With traditional media, you publish something on paper, but you don't get to control who puts the paper copies in which archives. That has served us well for keeping track of history, and an equivalent system needs to maintained for electronic content.

A Real World Example/Question (2, Insightful) (84577) | more than 12 years ago | (#3732373)

Do libraries have to get permission to save and allow browsing of copies of newspapers (both physical and microfiche)?

Copyright must die! There is no such right (0, Troll)

WetCat (558132) | more than 12 years ago | (#3732375)
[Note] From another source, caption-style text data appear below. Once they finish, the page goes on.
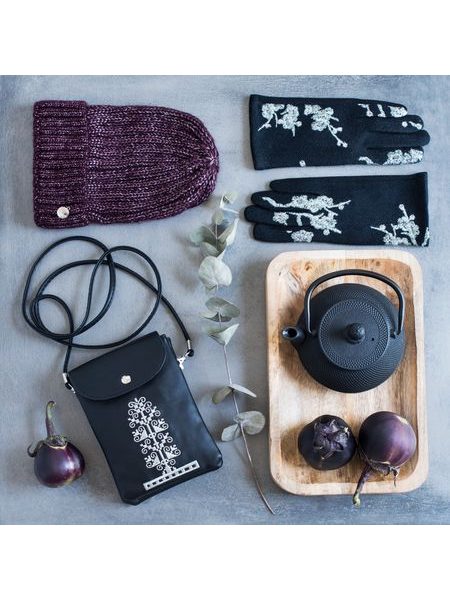 Šedá taška přes rameno s červeným detailem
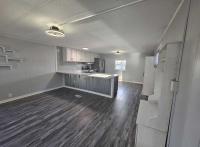 1982 Bonnavilla Manufactured Home
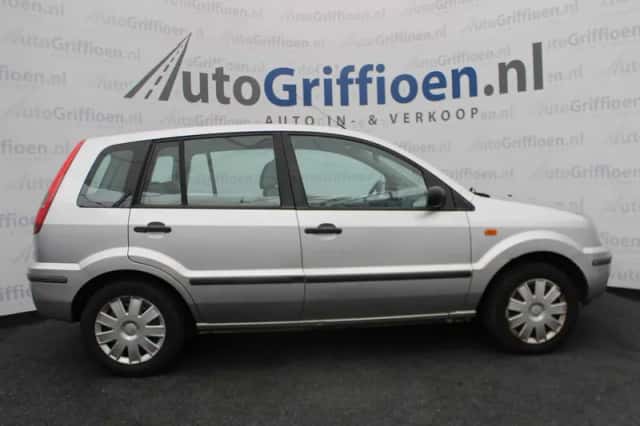 Ford Fusion (2005) thumbnail 6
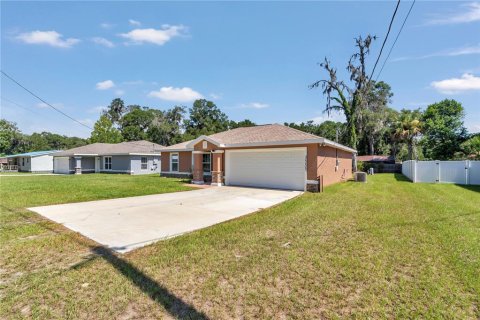 House in Belleview, Florida 3 bedrooms, 124.12 sq.m. № 2204727 - photo 3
We have right to live, feed, have children, work, be under cover. We have no right to copy. Copying is free! And don't restrict rights of other to access to information, please!
(yes I know about to copy and copyright)

Re:Copyright must die! There is no such right (2)

Chiasmus_ (171285) | more than 12 years ago | (#3732452)

According to Locke, the "natural rights" of man are life, liberty, and the ability to own property; when you enter into a society, you turn over all those rights to the State in return for whatever rights it deems fit to grant you.

Thus, no one has the right to eat, have children, work, or be sheltered, unless their government sees fit to grant those rights. Certainly, America does not acknowledge a right to be employed or to eat; in fact, it's been known to blacklist people in the hope that they'll do neither.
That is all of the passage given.